=== PROBLEM STATEMENT ===
Quote exactly, and only, the lines from the one containing "1pc sloth tape" through the end of the material below. Skip pictures.

=== GIVEN INFORMATION ===
- Opening Delimiter -

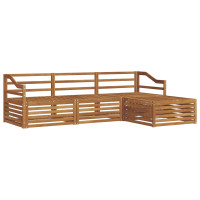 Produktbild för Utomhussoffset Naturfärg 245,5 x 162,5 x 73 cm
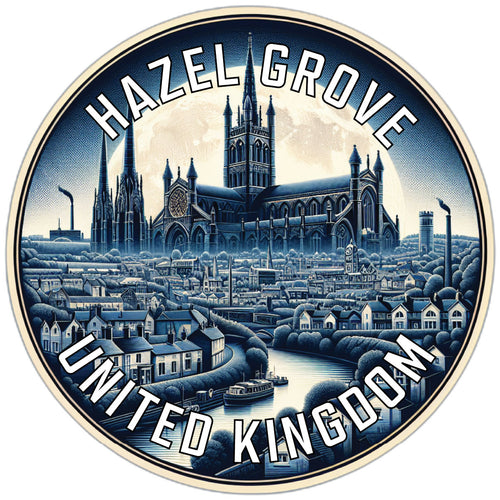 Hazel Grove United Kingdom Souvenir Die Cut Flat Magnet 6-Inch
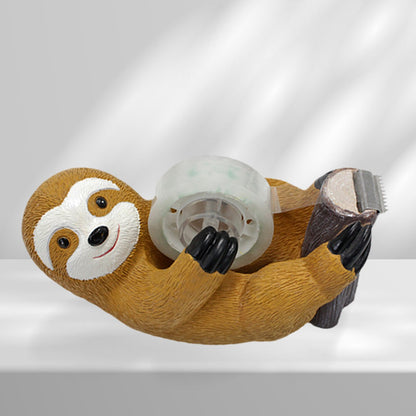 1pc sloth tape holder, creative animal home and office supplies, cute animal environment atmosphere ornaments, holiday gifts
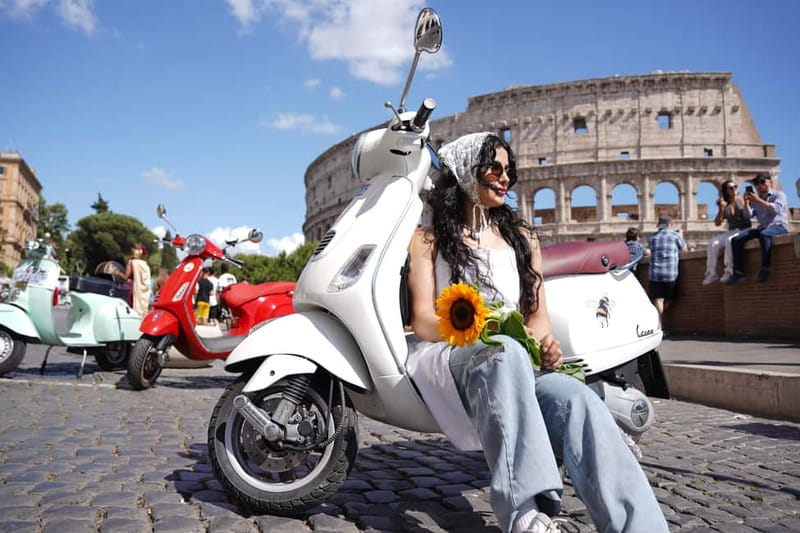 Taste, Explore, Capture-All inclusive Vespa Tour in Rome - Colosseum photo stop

- Closing Delimiter -

=== ANSWER BOX ===
 1pc sloth tape holder, creative animal home and office supplies, cute animal environment atmosphere ornaments, holiday gifts
 Taste, Explore, Capture-All inclusive Vespa Tour in Rome - Colosseum photo stop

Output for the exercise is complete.